New grad hired to Med-Surg. What should I review, if anything?


After almost 7 months of applying for jobs I got offered a hospital position on a Med Surg floor. I have a couple of weeks before my orientation starts.

Did you review anything before starting? Med Surg, meds, and skills, seems like so much information to try to review. I don't know if I should take it easy and relax or start reviewing. Advice appreciated. Thanks! :nurse:


3 Posts

Specializes in Med-Surg, Orthopedic, Emergency. Has 5 years experience.

Relax, no worries, your on orientation for several weeks. Take it day by day, if at end of day you do not understand procedures and or clinical advice your preceptor taught you, then go review until it makes sense. You will most likely soon find out that you remember a lot more than you think.

Specializes in LTC. Has 6 years experience.

Congrats on getting a job! Everything will come together.

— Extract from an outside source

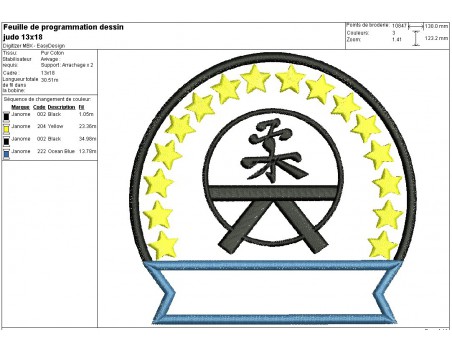 Motif de broderie machine judo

It never hurts to pull out an nclex book for review.

joanna73, BSN, RN

1 Article; 4,767 Posts

Specializes in geriatrics.

I would spend some time reviewing your medication classes, a few common procedures, and maybe some of the more common diseases such as stroke, MI, diabetes, renal need to know common signs and symptoms for these illnesses.

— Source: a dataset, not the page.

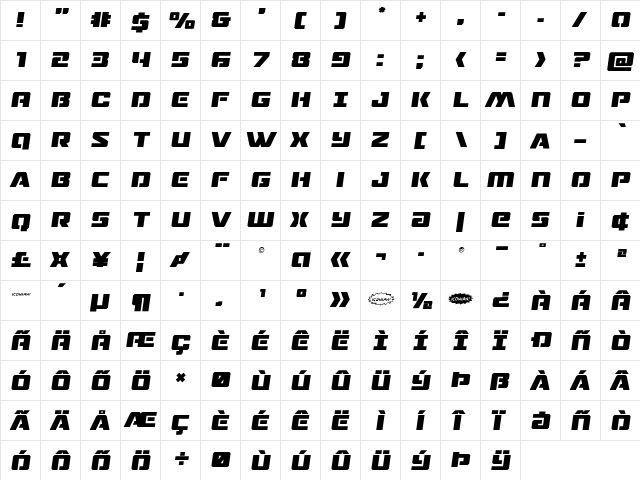 Drone Tracker Semi-Italic Semi-Italic  glyph index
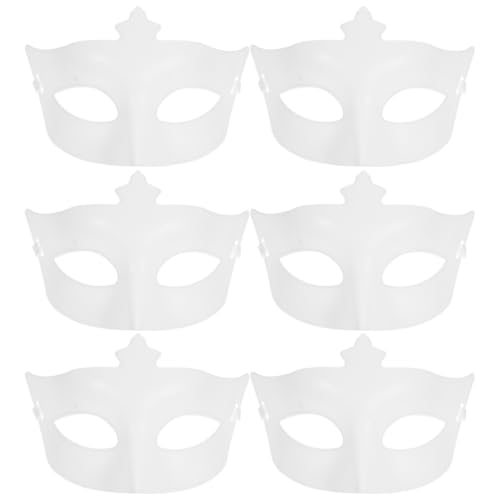 SUPVOX Lot de 10 Demi-masques Faciaux Blancs en Plastique pour Bal Masqué et Cosplay, Demi-masque Vierge à Peindre Diy, Léger et Confortable pour Fête D’halloween et Soirées Costumées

Although you're on orientation, some prep work can't hurt. Your preceptor will expect that you know the basics.


72 Posts

Specializes in Med/Surg, Telemetry, SICU. Has 1 years experience.

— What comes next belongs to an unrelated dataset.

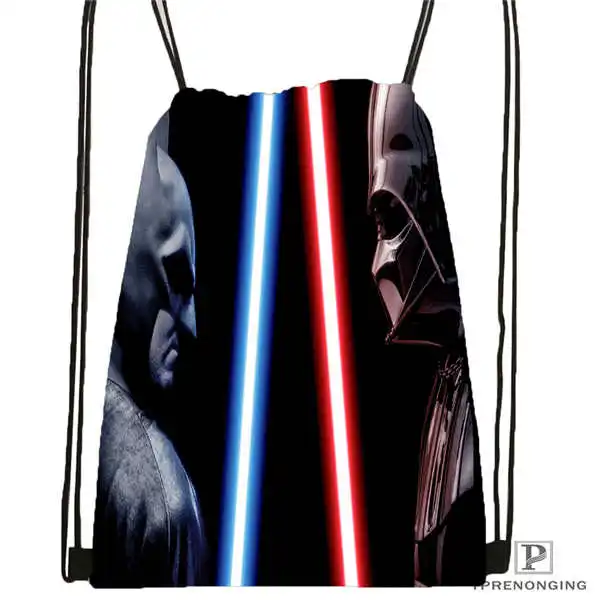 Drawstring Backpack Пользовательские Супермен против Бэтмена походная сумка на шнурке милый рюкзак для детей(черная спинка) 31x40 см#180531-04-48 - Цвет: Drawstring Backpack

Congrats on the job! You knowledge and skills will grow tremendously. In my experience, I learned SO much more on the job than reviewing. Your employer does not expect you to know everything, just to be willing to learn. It wouldn't hurt to review common diseases as the poster above me suggested since you will become very familiar with them in your new job. It also would help to review basic rhythms (if your unit has telemetry.) Also know how to locate your organization's policies and procedures since that is an important reference to know. Good luck to you! :)

Specializes in Complex care, tele. Has 1 years experience.

Definitely review your meds and your commonly seen diseases. I've been a nurse for over a year now, and I still review the less common medical conditions - I often have 2 or 3 days in a row with the same patients, and I like to have an understanding of how their histories shape the patient I spend my day with. Having a face/experience to go with a condition has helped me understand the treatments and medications much better than reading the dry material in the nursing books. I might not be as knowledgeable on day one, but by day 3 I seem to have a pretty good idea of what I'm doing.


23 Posts

Congratulations! If you have a smart phone, Lippincott's has an "NCLEX Q&A" applications that I have found helpful to keep me refreshed while I have been applying for jobs. I have been applying in California for months with nothing!! What state do you live in?

Congratulations again, and enjoy your 2 weeks freedom!


Specializes in Rehab, critical care. Has 3 years experience.

review and relax. At the very least, spend time reviewing the most common meds dispensed, usual dosage, side effects.... lasix, bumex, protonix, pepcid, solu-cortef (which, by the way, is incompatible with many things; always check incompatibilities, and flush liberally in b/w IVP meds so you don't risk any incompatibilities), reglan, zofran, morphine, dilaudid (all the pain meds lol), cardizem, digoxin, dilantin, benzo's, etc, all of the antibiotics, phenergan (must be diluted in 10 mL NS, but usually not given peripherally if you can avoid it), heparin.

so, pretty much, know all pain meds, all anti-emetics, all abx, all anti-coags, all anti-anxiety meds, oh, and insulin and hypoglycemic protocols, too, and BP/rate control meds. Good luck! Reviewing helps build your knowledge base, but you will learn much more from exposure and experience. Knowing your pharm is imperative for pt safety (holding meds, etc) and knowing that hey, maybe they're anxious and tachy b/c I (or RT) just gave them their first breathing tx. Or hey, maybe that guy next door can't breathe now b/c I gave an asthmatic metoprolol lol (which apparently isn't usually an issue in asthmatics under good control; I don't know, though, haven't encountered this lol. (anyway..the point is, you know your stuff so that you can question orders that just don't seem right, and you know more than you think you do. You know enough to know when something is way off, like hey, morphine 100 mg...that can't be right lol), etc.